You're right that the visual system (actually, systems) have all sorts of functions. Thus it
seems that for mammals, including humans, there are at least two distinct visual systems
extending from the primary visual cortex, one having to do with things like object
recognition (apparently a "new system"), the other with guidance of action (beyond access
to consciousness, and apparently an "old system," like that of reptiles and amphibians).

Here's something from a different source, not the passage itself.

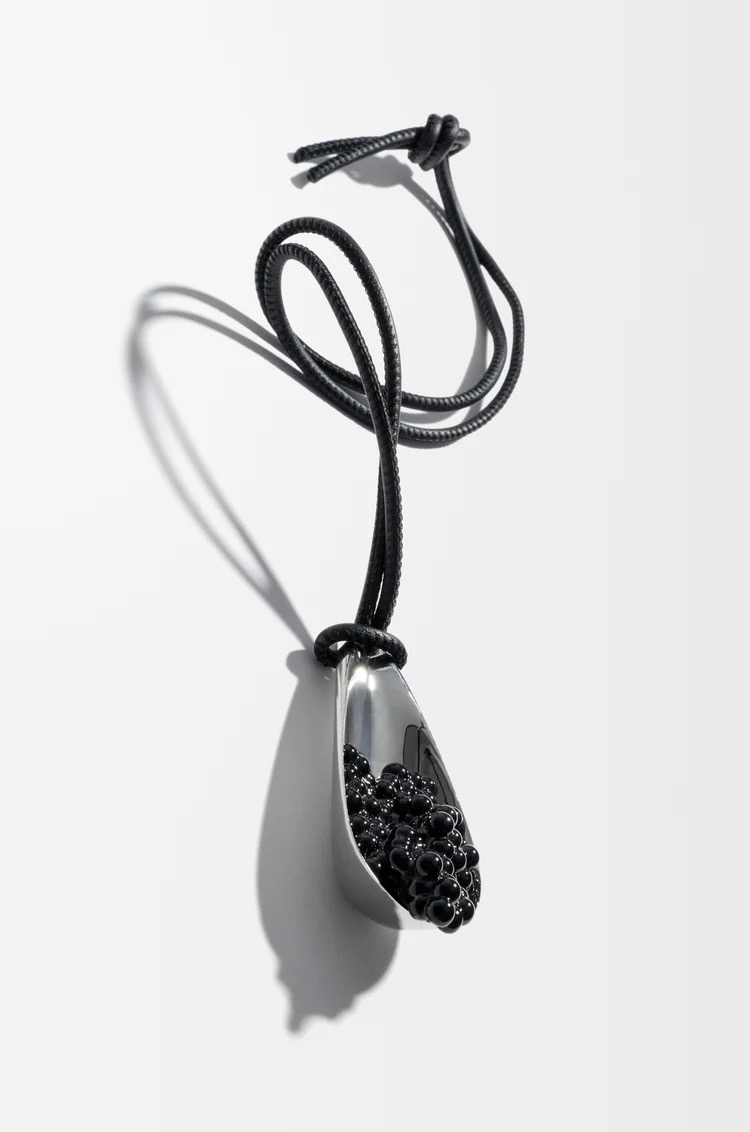 Caviar spoon charm in classic calfskin and resin, 450€, Loewe.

When one looks more closely, there are many more properties, and the informal term
"function" becomes increasingly useless. As for "seeing," that's another informal term,
dropped by the sciences as soon as they go beyond superficiality. Thus, do frogs "see"? Do
we "see" with the part of our visual system that (beyond consciousness) leads us to grasp
the actual object accurately when we misinterpret it (consciously) in looking at a standard
perceptual illusion? These are questions of terminology, not fact. Same when we go beyond
superficiality in the study of language. The term "meaning" disappears very fast, or similar
notions in other languages (which are, of course, quite different in the way they handle
these semantic fields). Again, I think contemporary philosophy has been much misled in
these respects, taking (academic) English to be "capturing" the real world in some
fundamental way -- so that we have articles with titles like "the meaning of `meaning'" -- a
fit topic for descriptive study of some variety of English, but unlikely to be of much use in
the study of the way language is used and understood.

I'd read Wittgenstein differently. I take him to be saying that we should not be misled by
ordinary usage. It is fine for normal life, but science -- our effort to understand the world --
goes its own ways, which didn't seem to interest him much. Of course there won't be any
theory of language in his sense, or "theory of functions of the human faculties," just as there
won't be any theory of "the way we live." There is no such thing as "the study of
everything" in rational inquiry, including the sciences. Physics does not study everything
that is going on in the world -- or practically ANYTHING that is going on in the world
(that's why scientists do experiments, after all). The world is vastly too complex to study in
a serious way. But I don't see any particular insight in this; sounds to me like truism.

In fact, I'm personally disinclined to use the word "theory" outside of rather narrow
branches of the empirical sciences. When people speak of "Marxist theory" or "literary
theory," my flesh creeps; I think they are mostly deluding themselves.